I am interested in Basic Income because it seems to me to be the best option for that future situation. But I’m in no way wedded to it and I’m not going to strenuously argue its pros, cons, structure or tenets.

The 4x8 living space wasn’t my idea, and I still doubt it would be workable, but I at least thought about it. (My first apartment was 10x10 or 10x12 or something like that, after 20 years it’s hard to remember the exact dimensions, so I have some notion of living in small spaces)

Then again, given my current financial situation perhaps I have more incentive to explore ways to downsize my housing costs than you do.

You are allowed to think about other peoples’ ideas without agreeing with those ideas.

But unless I missed an SDMB rule somewhere, I am not *compelled *to discuss other people’s suggestions, especially when I’ve declined to do so and think the discussion is pointless.

I’m not quite sure why you’re so bent out of shape that I won’t take up others’ arguments.
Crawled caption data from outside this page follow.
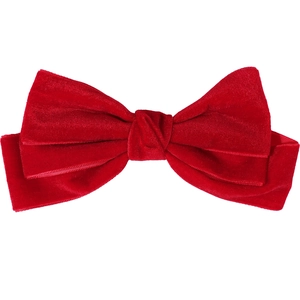 Close-up of a large red velvet triple-layered bow hair clip with luxury fabric texture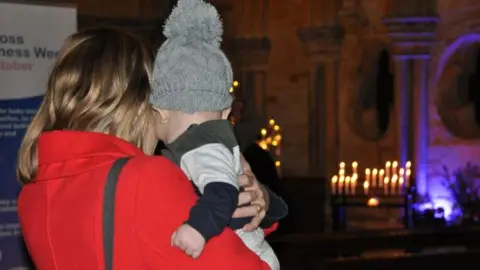 A woman in a red coat stands looking at a display of candles in Lincoln Cathedral.  She is holding a baby in a bobble hat close to her.  Both have their backs to the camera.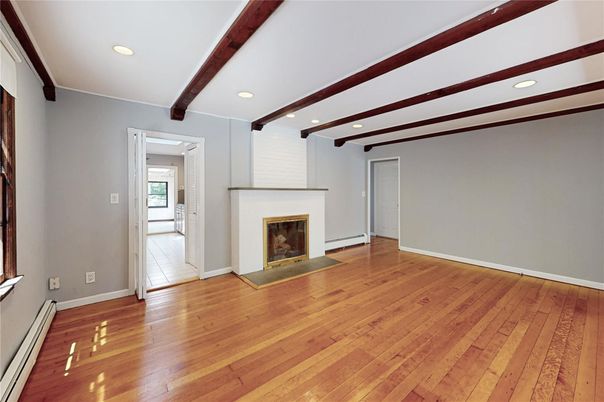 Empty room, Fireplace, Interior, Recessed Lighting, Wooden Beams, Wood Texture Flooring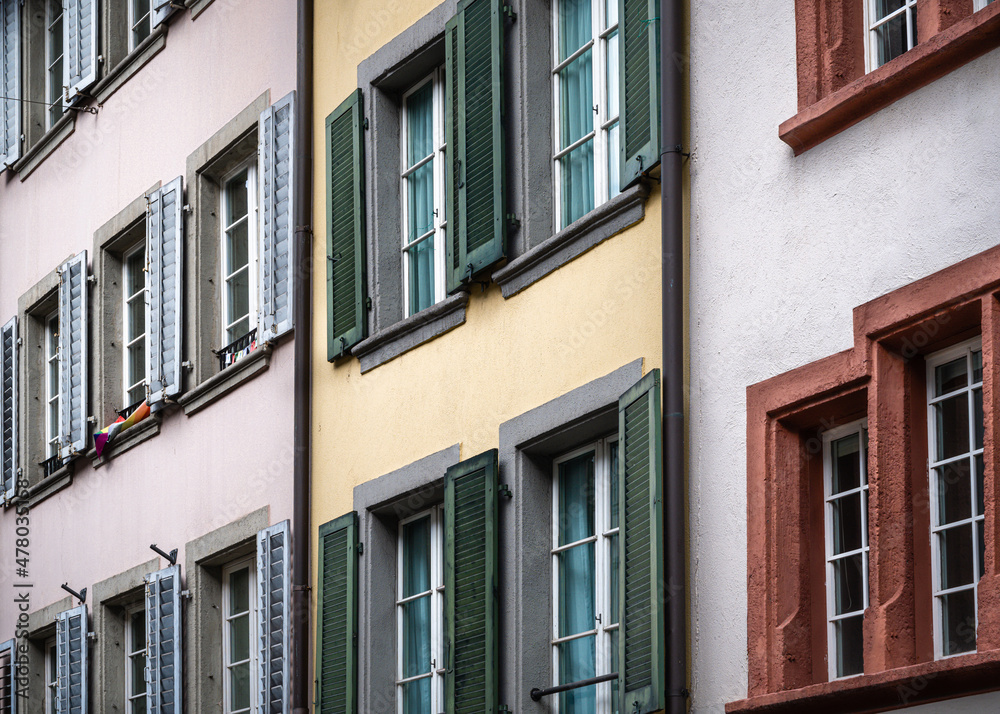 Rows of multicolored shuttered windows 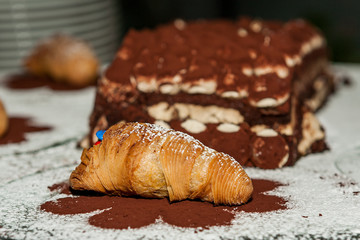 Sfogliatella, typical Neapolitan pastry, with yellow cream and strawberry, Naples, Italy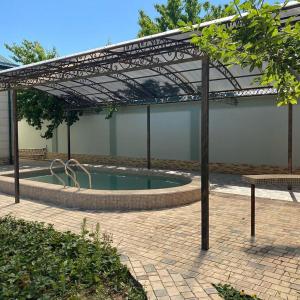 a swimming pool under a metal canopy in a courtyard at Premium hostel in Tashkent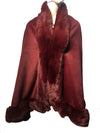 Rich burgundy faux fur poncho cape with a plush collar, perfect for layering in stylish comfort, ideal for Long Island boutique fashion.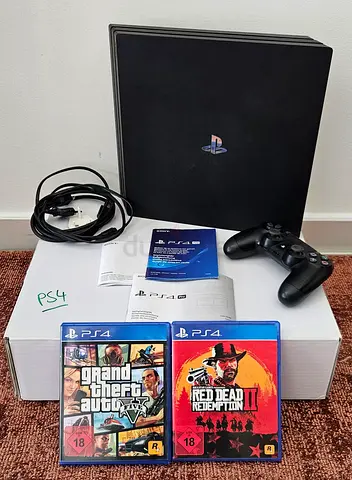 PlayStation 4 Pro with DualShock, GTA V & Red Dead Redemption II - Good Condition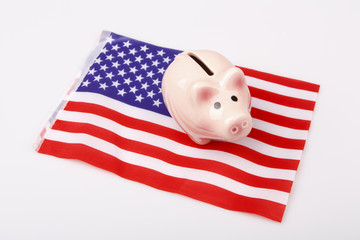 pig money box and USA flag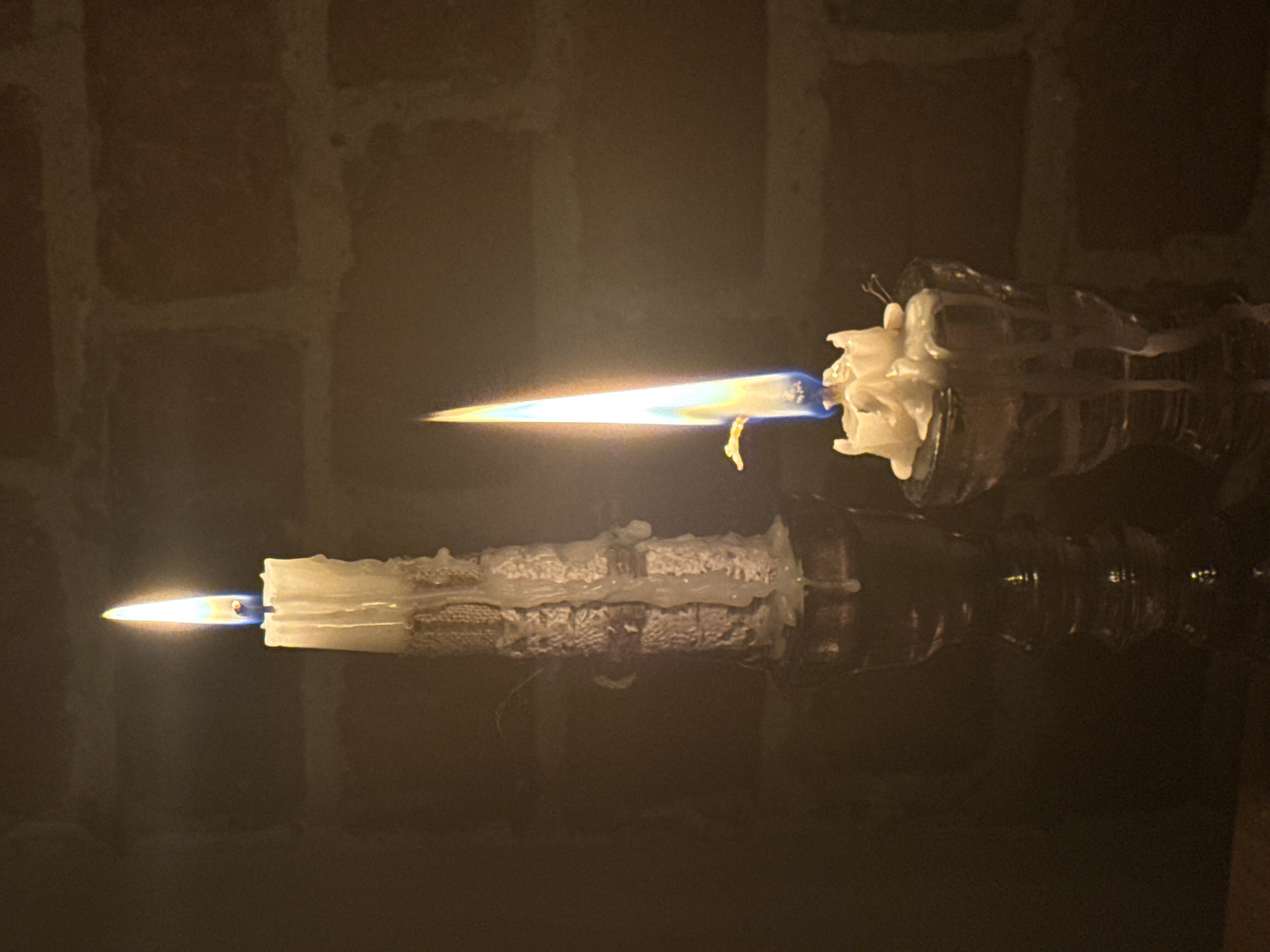 This media file captures two white candles burning in a dimly lit, indoor setting. Both candles are oriented horizontally, with their flames pointing towards the left against a dark, reddish-brown brick wall backdrop.
The upper candle exhibits a striking, unusually long and sharp flame, extending significantly from the wick. This flame displays vibrant orange and yellow hues, with a distinct blue base closer to the candle. Abundant melted wax drips down the sides of this candle, forming intricate patterns and textures. Below it, a second white candle also burns, but with a more conventional, shorter, and teardrop-shaped flame, primarily glowing in warm orange-yellow tones.
Both candles and their flames are clearly reflected on a dark, possibly polished or glassy surface beneath them, indicating placement on a reflective table or stand. The scene is illuminated almost entirely by the candle light, suggesting a dark room or nighttime. No people are visible, and there is no discernible text. The image provides a sense of quiet ambiance, with the long flame on the top candle being a notable and unusual detail, possibly caused by a draft. The location context provided is Rostov-on-Don, Russia.
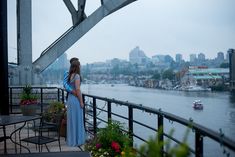 a woman in a blue dress is standing on a balcony overlooking the water and boats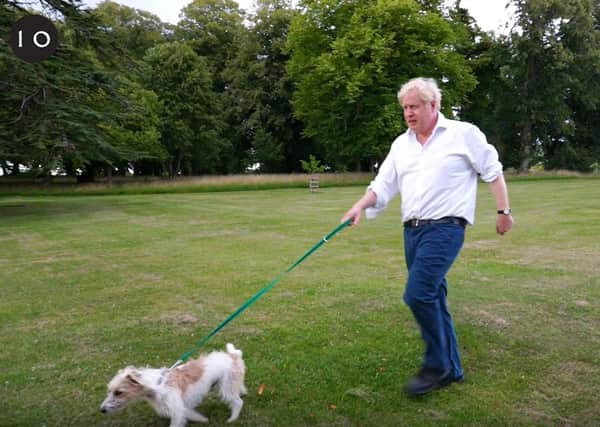 Boris Johnson takes his dog Dilyn for a walk at the start of a new campaign on obesity. Photo: 10 Downing Street.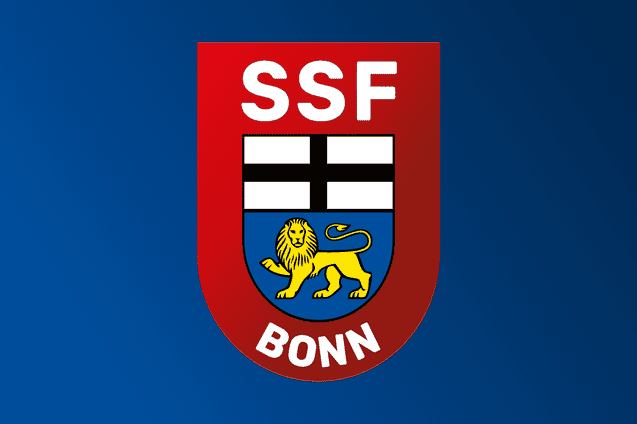 Logo des SSF Bonn mit rotem Schild, wei&szlig;en Balken und einem gelben L&ouml;wen auf blauem Hintergrund.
I’m in no way preventing you from doing so.

I’m beginning to wonder if anyone in this thread can actually read.

Asking *me *to expound or argue a point I didn’t make and think is irrelevant to the discussion is what’s nonsensical. Argue and expound away with those who *made *the suggestions - be my guest!

We can read fine. We all just made the mistake of assuming you, a person with an interest in a topic vehement enough that they’d follow a thread about the subject for a few days, would have a better argument than “GBI is good because our current system is bad”.

Our fault, I guess.

No one is compelling you to participate, it’s just the way you worded your reply made it sound like (to me) like somehow you weren’t allowed to - you are, of course, allowed to join in or not as you’d like.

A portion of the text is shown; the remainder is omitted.